**Required work**:
Omit the pictures and return exactly the stretch of the material below from the line with "MITSUBISHI MIRAGE" through the line with "Vendo cama em forma de casa mais gaveta".

**Dataset entries**:
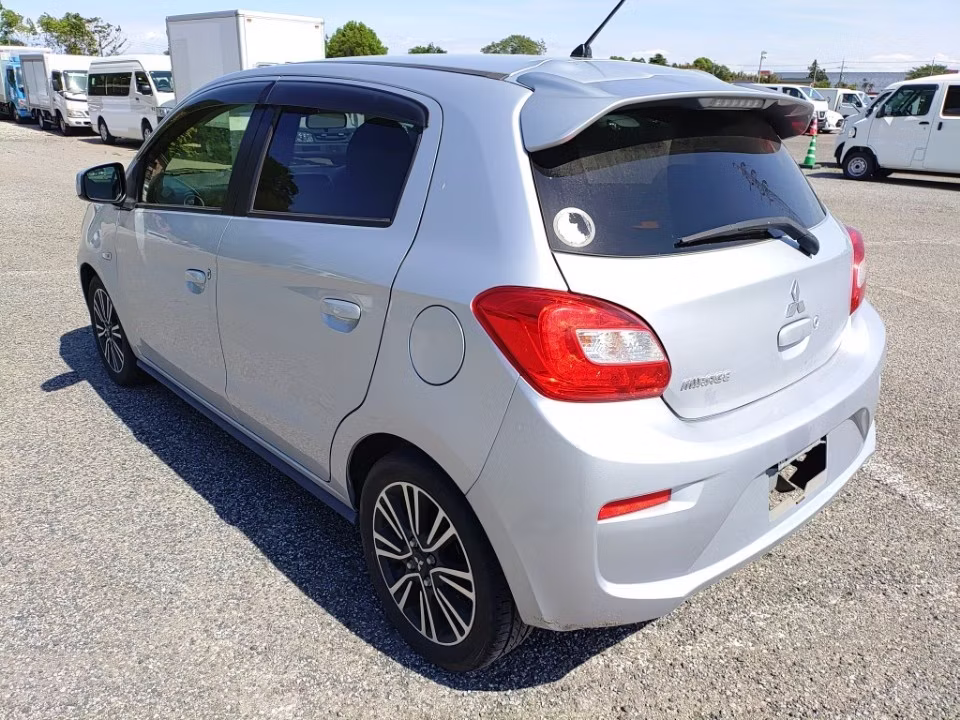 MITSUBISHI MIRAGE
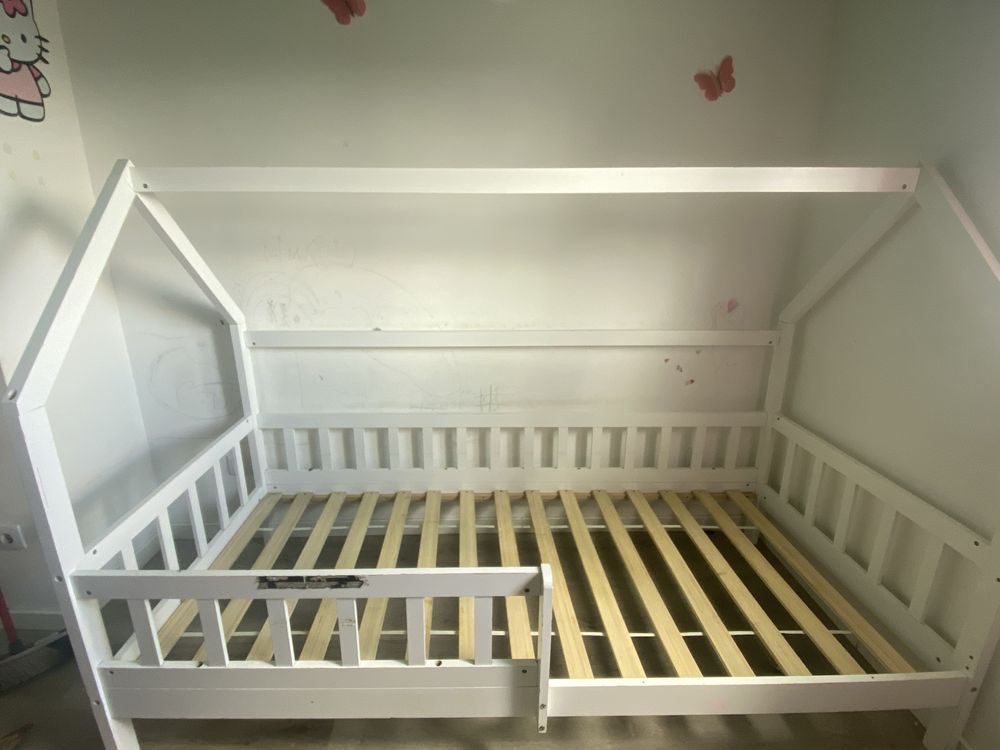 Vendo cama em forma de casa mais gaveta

---

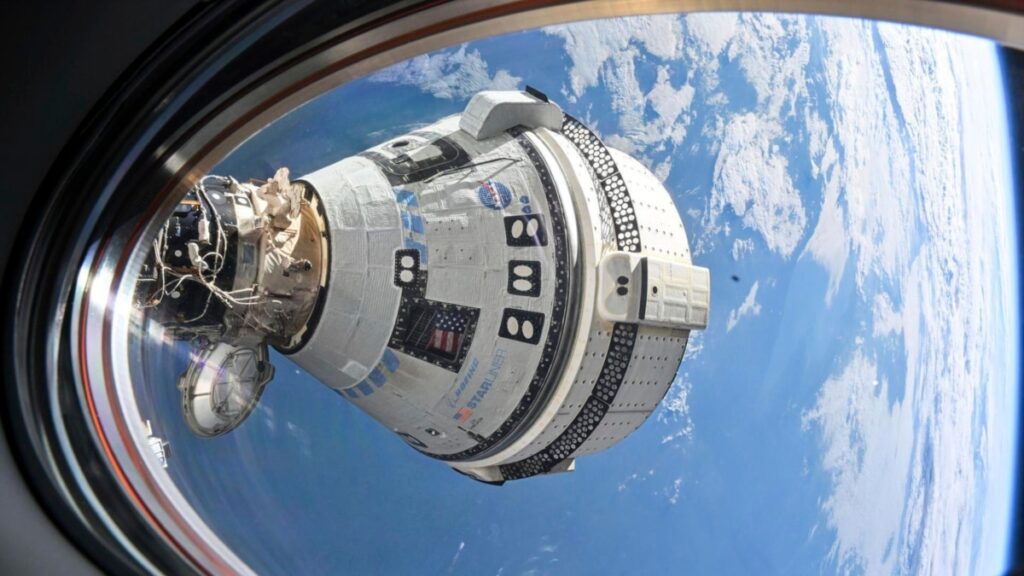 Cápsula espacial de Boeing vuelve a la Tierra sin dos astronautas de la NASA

**Answer below**:
 MITSUBISHI MIRAGE
 Vendo cama em forma de casa mais gaveta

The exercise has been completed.